But the D.C. Circuit has held that “[t]he district court may not deny” a motion for leave to amend
a pleading “based solely on timeliness unless the defendants can [also] show undue prejudice.”
In re APA Assessment Fee Litig., 766 F.3d 39, 56–57 (D.C. Cir. 2014); see also Harrison v.
Rubin, 174 F.3d 249, 253 (D.C. Cir. 1999); In re Vitamins Antitrust Litig., 217 F.R.D. 30, 33
(D.D.C. 2003) (“[D]elay without resulting prejudice to [the non-moving party] is not sufficient to
warrant denial of [a] motion [to amend a pleading].”); CHARLES ALAN WRIGHT, ARTHUR R.
MILLER & MARY KAY KANE, 6 FED. PRAC. & PROC. CIVIL § 1488 (3d ed. April 2016) (“In most
cases, delay alone is not a sufficient reason for denying leave.”).

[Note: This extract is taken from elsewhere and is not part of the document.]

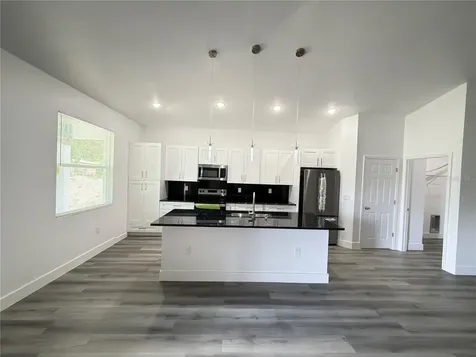 1449 Kathleen Road Lakeland FL 33805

In order for a court to determine if the threat of prejudice to the opposing party is
“undue,” courts should consider “the hardship to the moving party if leave to amend is denied,
the reasons for the moving party failing to include the material to be added in the original
pleading, and the injustice resulting to the party opposing the motion should it be granted.”
CHARLES ALAN WRIGHT, ARTHUR R. MILLER & MARY KAY KANE, 6 FED. PRAC. & PROC. CIVIL
§ 1487 (3d ed. April 2016). “[T]he grant of leave to amend [a pleading] might often occasion
some degree of delay and additional expense, but leave still should be freely given unless
prejudice or delay is undue[.]” Barkley v. U.S. Marshals Serv. ex rel. Hylton, 766 F.3d 25, 39
(D.C. Cir. 2014) (internal quotation marks omitted). “Undue prejudice is not mere harm to the
non-movant but a denial of the opportunity to present facts or evidence which would have been
offered had the amendment been timely.” Does I through III v. District of Columbia, 815 F.

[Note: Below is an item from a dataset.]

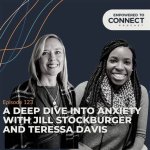 Mackenzie Davis Wife: a Deep Dive into the Life and Relationship of the Talented Actress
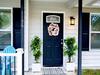 Photo of 1135 Bellwood Road, Charleston, SC 29412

Supp. 2d 208, 215 (D.D.C. 2011) (internal quotation marks omitted). “[A]n amendment is not
automatically deemed prejudicial if it causes the non-movant to expend additional resources.
Any amendment will require some expenditure of resources on the part of the non-moving party.
‘Inconvenience or additional cost to a defendant is not necessarily undue prejudice.’” United
States ex rel. Westrick v. Second Chance Body Armor, Inc., 301 F.R.D. 5, 9 (D.D.C. 2013)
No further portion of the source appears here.